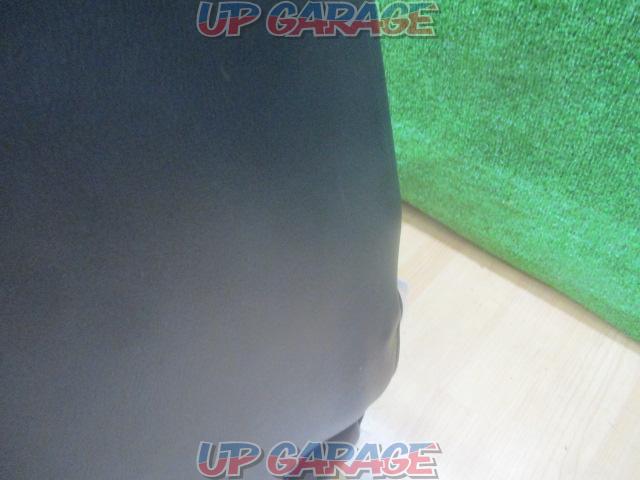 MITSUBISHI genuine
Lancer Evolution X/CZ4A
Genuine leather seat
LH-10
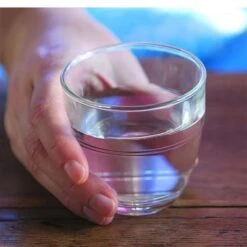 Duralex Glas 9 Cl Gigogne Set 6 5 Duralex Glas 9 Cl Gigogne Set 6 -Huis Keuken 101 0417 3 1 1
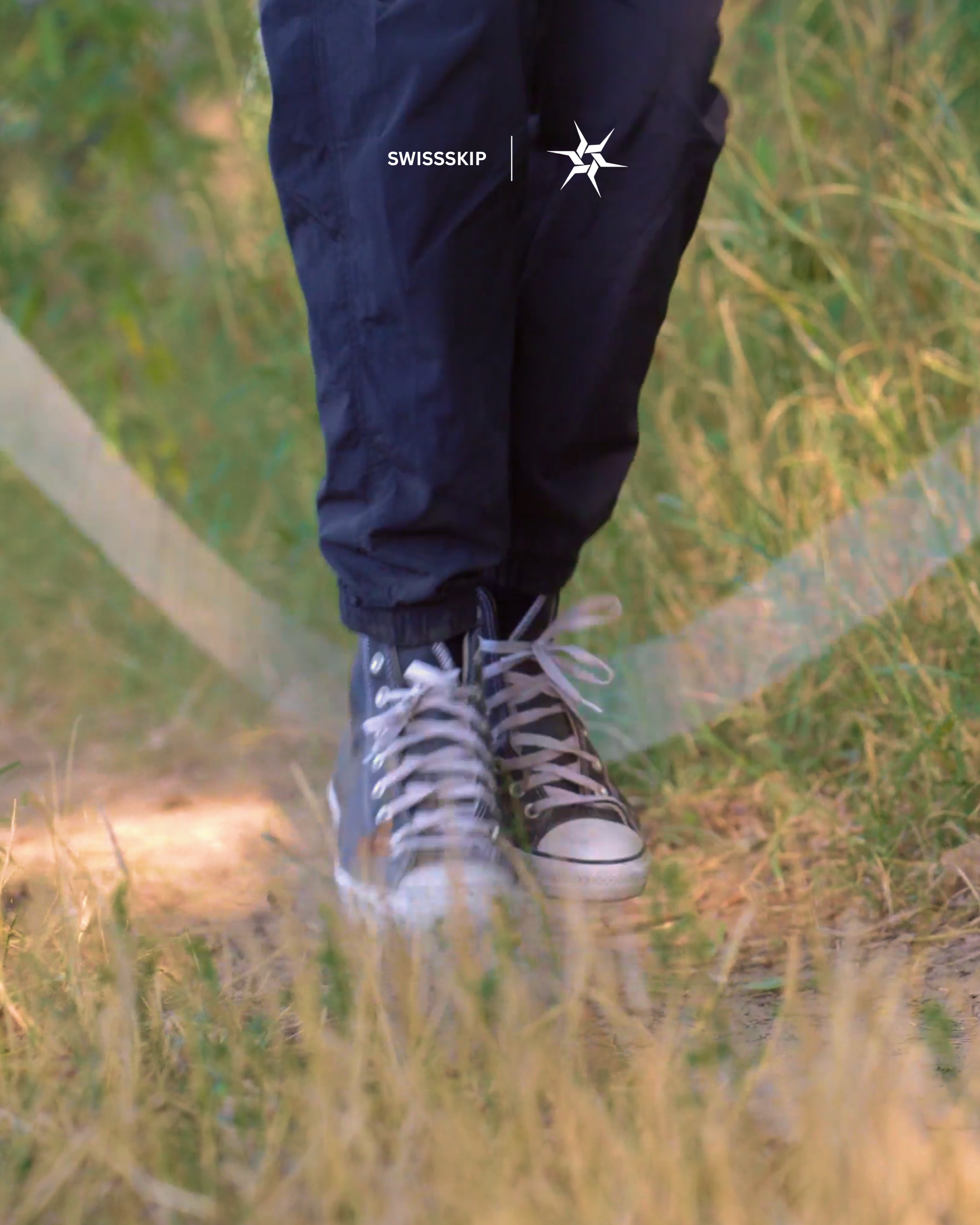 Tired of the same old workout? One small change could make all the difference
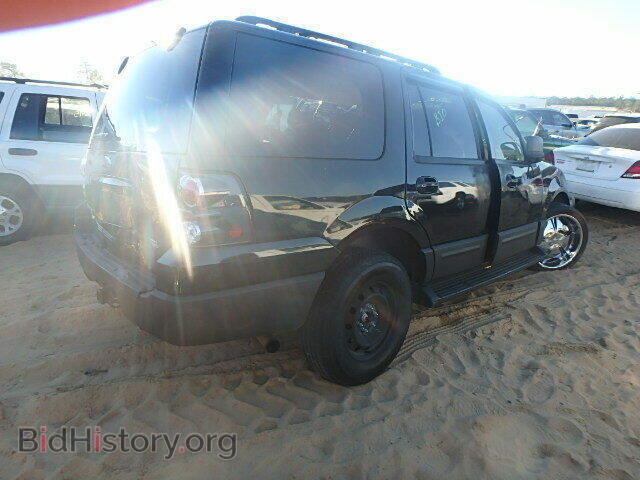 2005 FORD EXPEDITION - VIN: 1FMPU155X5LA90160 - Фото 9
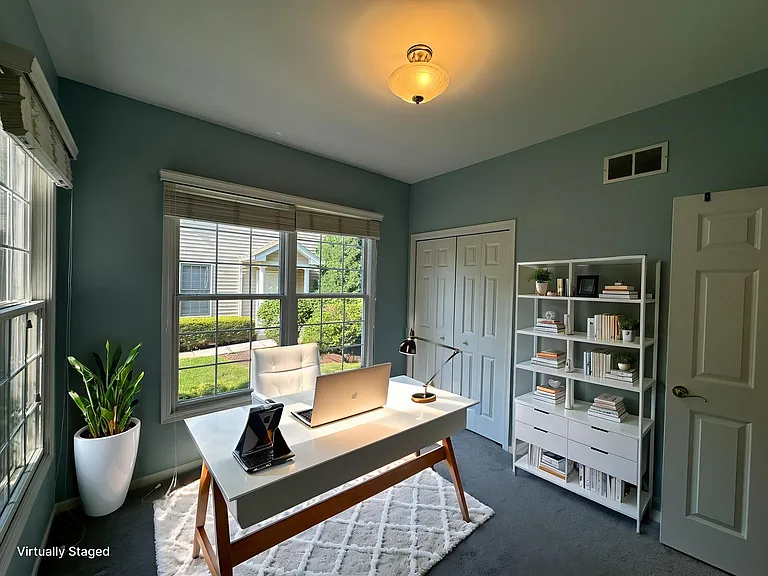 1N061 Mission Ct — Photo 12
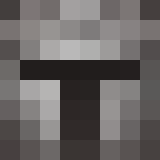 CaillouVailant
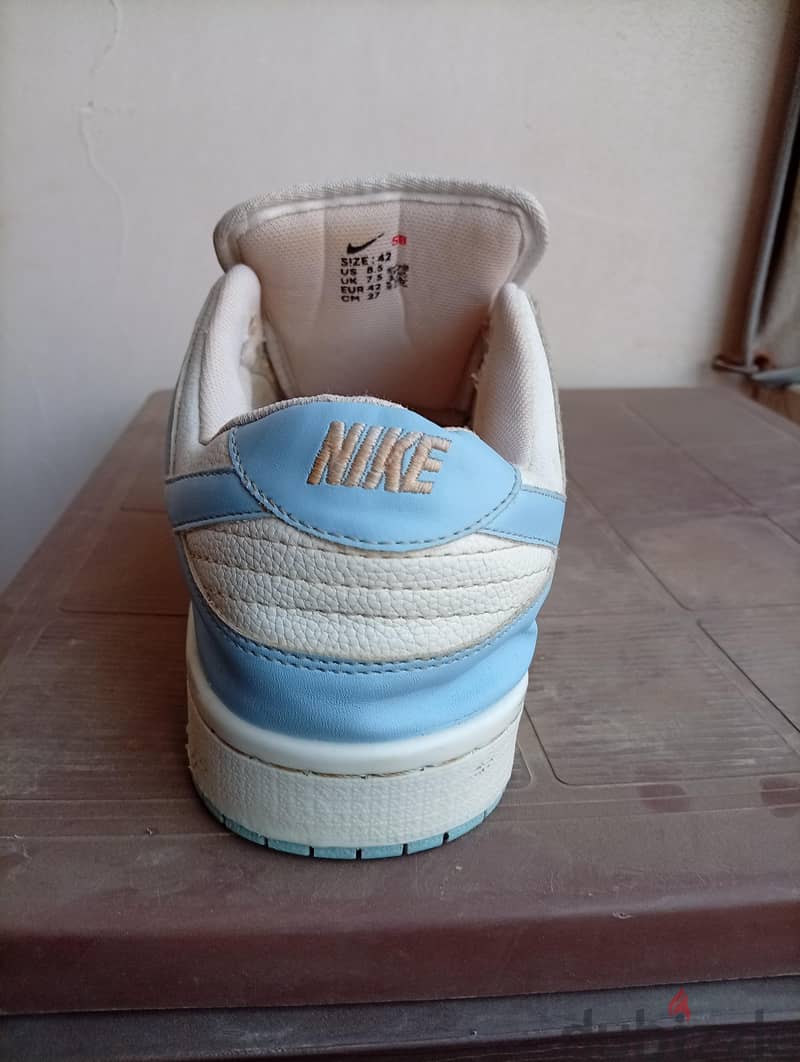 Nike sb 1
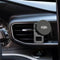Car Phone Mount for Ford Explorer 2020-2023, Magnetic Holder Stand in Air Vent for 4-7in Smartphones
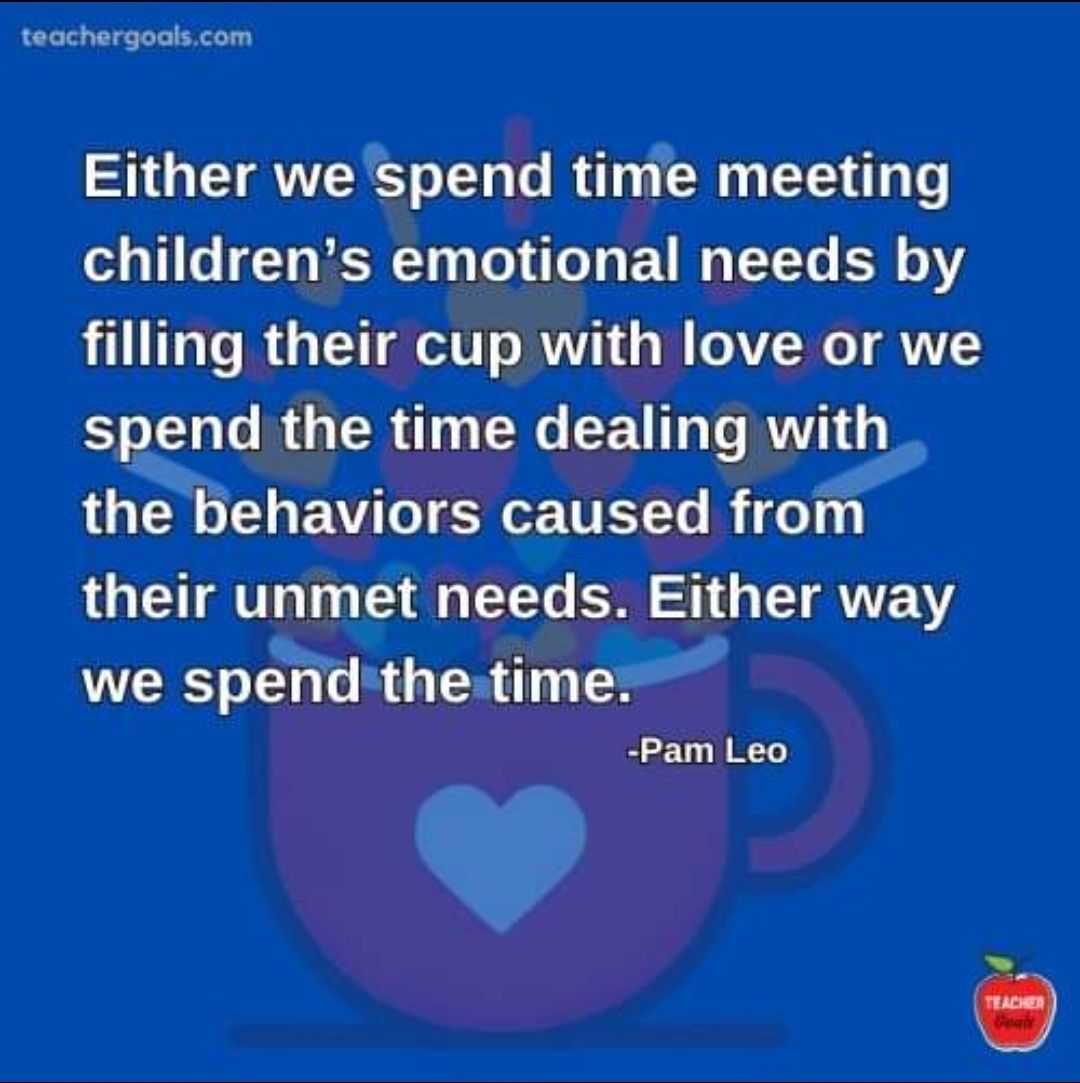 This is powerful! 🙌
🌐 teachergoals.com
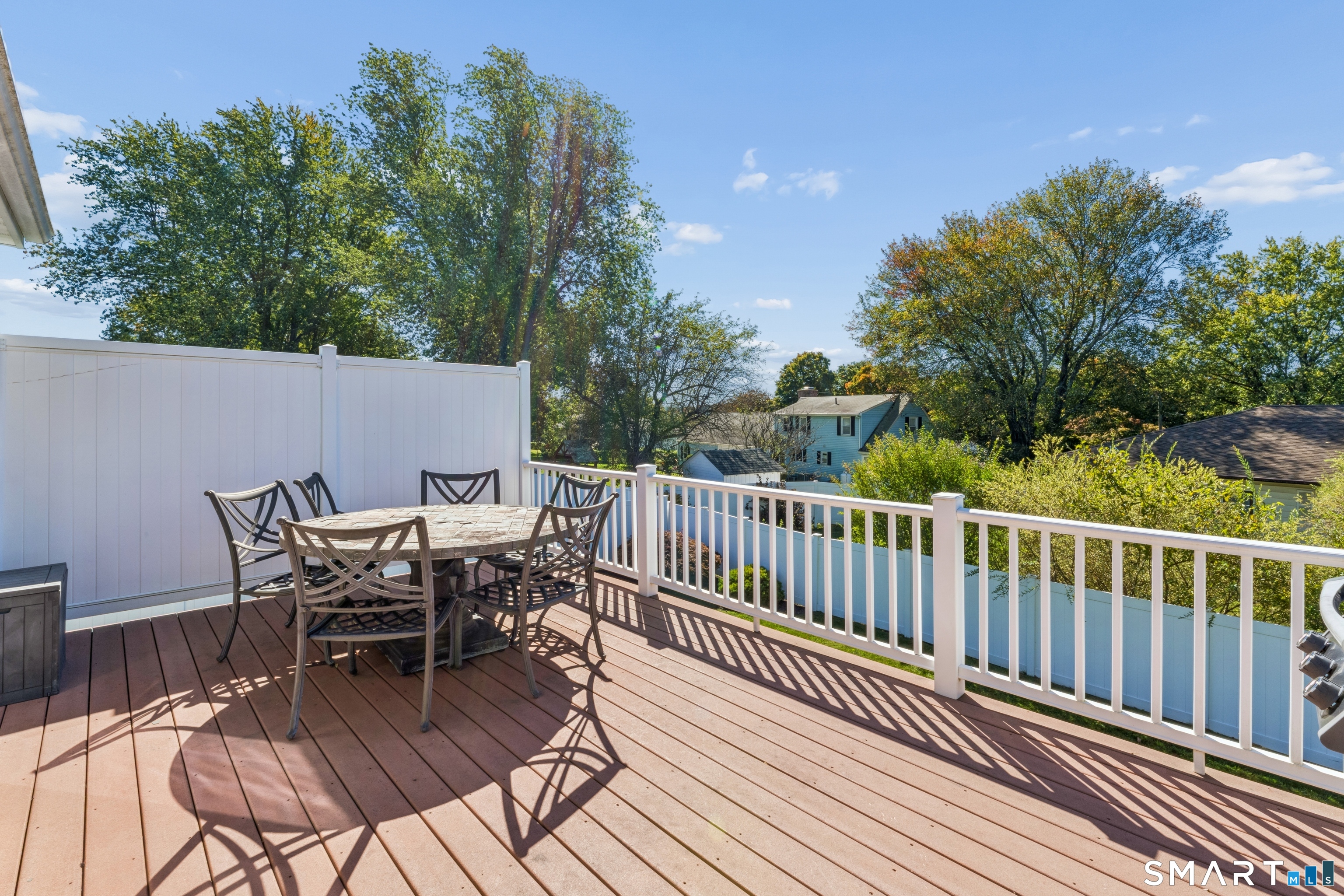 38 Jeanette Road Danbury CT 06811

▶ [About this exercise]
Copy nothing but the lines above from the one with "Lancer Evolution X/CZ4A" to the one with "1N061 Mission Ct — Photo 12", inclusive, word for word. Leave every picture out.

▶ [Answer box]
Lancer Evolution X/CZ4A
Genuine leather seat
LH-10
 Duralex Glas 9 Cl Gigogne Set 6 5 Duralex Glas 9 Cl Gigogne Set 6 -Huis Keuken 101 0417 3 1 1
 Tired of the same old workout? One small change could make all the difference
 2005 FORD EXPEDITION - VIN: 1FMPU155X5LA90160 - Фото 9
 1N061 Mission Ct — Photo 12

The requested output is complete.